LANDIS-II models forest succession, disturbance (including fire, wind, harvesting, insects, global change), and seed dispersal across large (>1 million ha) landscapes. 

Featured Publication

Gustafson, E.J., A.M.G. De Bruijn, M.E. Kubiske, Robert E. Pangle, Jean-Marc Limousin, Nate McDowell, B.R. Sturtevant, Jordan Muss, William T. Pockman.  2015.  Integrating ecophysiology and forest landscape models to better project drought effects under climate change.  Global Change Biology 21:843–856.  

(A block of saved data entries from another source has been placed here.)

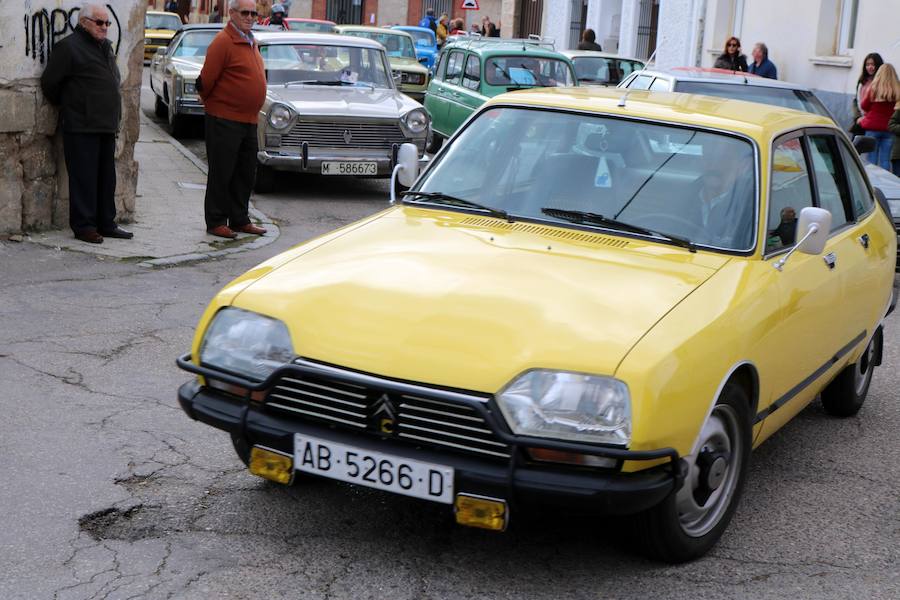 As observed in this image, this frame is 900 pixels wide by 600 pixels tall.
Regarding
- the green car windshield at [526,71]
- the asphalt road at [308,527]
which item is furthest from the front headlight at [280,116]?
the asphalt road at [308,527]

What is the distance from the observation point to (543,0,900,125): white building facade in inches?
752

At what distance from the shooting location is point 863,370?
6539 mm

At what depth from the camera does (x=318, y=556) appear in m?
4.23

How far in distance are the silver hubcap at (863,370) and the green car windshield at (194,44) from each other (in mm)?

Increasing the reliability of predictions of the landscape effects of climate change

Research Issue

[photo:] Precipitation manipulation experiment in a piñon pine - juniper ecosystem at the Sevilleta Long Term Ecological Research (LTER) site at the Sevilleta National Wildlife Refuge in central New Mexico, USA.Climate change is producing new environmental conditions that have not existed for study in the scientific age.  It is quite possible that many of the empirically-derived relationships developed under the conditions of the past for predicting forest dynamics will be rendered obsolete by climate change.  For example, forest growth and yield models are based on empirical relationships measured nearly a century ago when CO2 and temperatures were lower.  Recent research suggests that tree growth in the Midwest may be up to 20% higher in the current century because of CO2 fertilization.

Our Research

We developed a new approach (PnET-Succession) to simulate forest growth and competition within the forest landscape model, LANDIS-II.  The approach increases the use of mechanistic relationships based on “first principles” (fundamental and unequivocally known) to directly link tree growth, competition and death to temperature, precipitation and CO2 concentration.  The PnET-Succession extension of LANDIS-II incorporates components of the widely used PnET-II ecophysiology model.  When coupled with mechanistic disturbance extensions (e.g., wildfire, insect outbreaks, timber harvest) within the LANDIS-II modeling platform, the outcome of the complex interactions among tree growth and competition for light and water, changing disturbance regimes and increasing incidence of warm and drought years can be reliably predicted for large forested landscapes over century time scales.

Expected Outcomes

Forest landscape models that make more reliable projections under climate change are expected to provide critical and reliable insights about the relative effectiveness of alternative forest management strategies to maintain ecosystem goods and services into the distant future.

Research Results

Gustafson, E.J.; De Bruijn, A.M.G.; Kubiske, M.E.; Pangle, Robert E.; Limousin, Jean-Marc; McDowell, Nate; Sturtevant, B.R.; Muss, Jordan; Pockman, William T.  2015.  Integrating ecophysiology and forest landscape models to better project drought effects under climate change.  Global Change Biology 21:843–856.  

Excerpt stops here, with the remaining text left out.